霧島火山群硫黄山も噴火:なぜ九州に火山が多いのか? 巨大カルデラ噴火との関連は?

(提供:気象庁/ロイター/アフロ)

 鹿児島・宮崎県境の新燃岳は昨年10月11日の噴火以来、噴火警戒レベル3(入山規制)が継続中だ。そんな中、4月19日午後3時39分ごろに、硫黄山で水蒸気噴火が起きた。硫黄山はおよそ20の火山体からなる「霧島火山群」の1つで、噴火は250年ぶりだという。気象庁は20日午前6時半には噴火が止まったと判断したが、噴火警戒レベル3は依然引き下げられておらず、今後も注意が必要だ。

 その他にも九州には、活発な活動を続けて噴火警戒レベル2(火口周辺規制)以上の噴火警報が発令中の火山が4つもある(図)。加えて阿蘇山でも2016年に爆発的噴火が起きた。今年2月にはレベル1(活火山であることに注意)に引き下げられたが、3月には再び火山性微動が急増した。

九州に密集する活火山(筆者作成)
九州に密集する活火山(筆者作成)

九州に火山が密集する理由

 そもそも九州は、国内に111ある活火山のうち17もが集まる火山密集域だ。これらの火山は、フィリピン海プレートが南海トラフ・琉球海溝から沈み込むことでできる。しかし、同じプレートが沈み込む中国地方には、活火山はたった2つだ(図)。なぜこんな違いが生まれるのか? 

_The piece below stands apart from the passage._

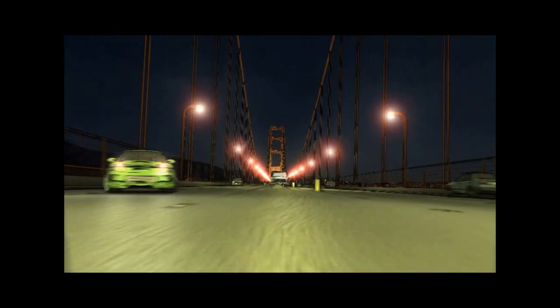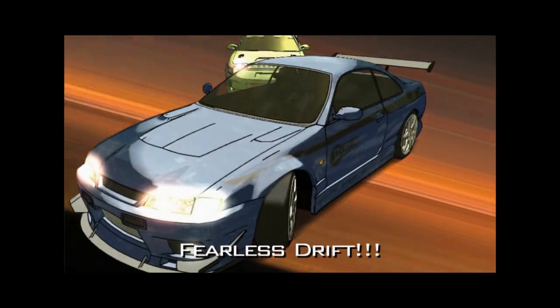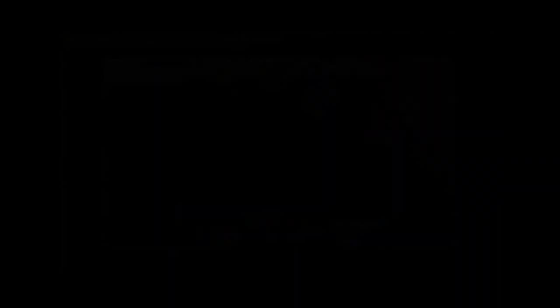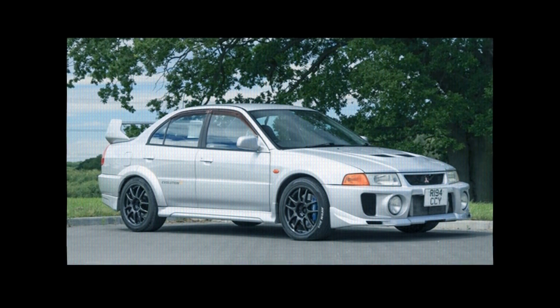Thanks for checking out my video. If you have some time, check out my animated series, Ajournalyn Street Racing, which features an S14 with a Skyline RB26 engine. Also, subscribe. In the future, I'm going to do a video about the history of the Mitsubishi Lancer Evolution.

 その原因の1つは、沈み込むフィリピン海プレートの性質にある。実はこのプレートは、九州の南東沖を境にできた年代が大きく異なる(図)。中国地方に沈み込む部分は、2500万年より若くてまだ十分には冷え切っておらず「熱い」。一方九州から南西諸島には、5000万年より古く「冷たい」プレートが沈み込んでいるのだ。

 そもそも日本列島の火山活動は、沈み込むプレートから水分が絞り出されることが原因で起きる。ところが熱いプレートでは、プレートがマグマのできる深さに達する前、すなわち四国や紀伊半島の下で水分が結構抜けてしまう。その結果、火山を作るために使える水分量が、九州に比べて少なくなってしまうのだ。一方九州ではフィリピン海プレートが持ち込んだ水分が、しっかりマグマを作るのに使われ、そのせいで火山が密集するのである。

九州の火山は「活性化」しているのか?

 これだけ九州の火山が騒がしいと、他の火山も連鎖的に噴火するのではないかと心配する人も多い。しかし、火山噴火を引き起こす「マグマ溜り」は互いに繋がっているわけではないので、九州全体の地下でマグマ溜りが活動的になっているとは考えられない。

 また、熊本地震の影響で地盤の状態が大きく変化したために、火山活動が活性化したと考える人もいる。しかし現時点では、GPSで検知される地盤の状態変化は、霧島、桜島、南西諸島には及んでいない。中には、3・11東北地方太平洋沖超巨大地震が九州の火山活動を活性化させている可能性を指摘する専門家もいるが、この超巨大地震による地盤の変化は中部地方にも及んでいない

 つまり、現在九州の火山が活発なのは、九州全体が「活性化」しているのではなく、それぞれの火山が「日常的な」活動を繰り返しているに過ぎない。日本には、いつ噴火しても不思議でない活火山(1万年前以降に活動した火山)が111もある。さらに火山の寿命が100万年に及ぶことを考えると、「噴火待機火山」の数はその倍以上にもなる。こんな火山大国に暮らす私たちは、十分な覚悟と備えを持って火山とともに暮らすことが必要だろう。

巨大カルデラ噴火との関連

 九州にはまた、日本喪失を招きかねない「巨大カルデラ噴火」を起こした火山が少なくとも4つある。この噴火の発生確率は今後100年間に1%程度であるが、被害がとてつもなく甚大であるために、日本列島で起きる自然災害の中でも最も憂慮すべきものの1つである。ただ先にも述べたように、昨今のいくつかの火山の噴火が、巨大カルデラ噴火の「前兆」ではないし、それを誘発することもない。

 ただこのこととは全く別に、巨大カルデラ噴火、特に鬼界カルデラ(図)は要注意だ。この火山は7300年前に超巨大噴火を起こし、九州南部に暮らした縄文人の生活を奪ってしまった。カルデラの大部分は現在は海底に沈んでいるのだが、その海底に世界最大クラスの溶岩ドームが急成長したことが明らかになったのだ。早急に鬼界カルデラの地下にあるマグマ溜りの状態を調べる必要がある。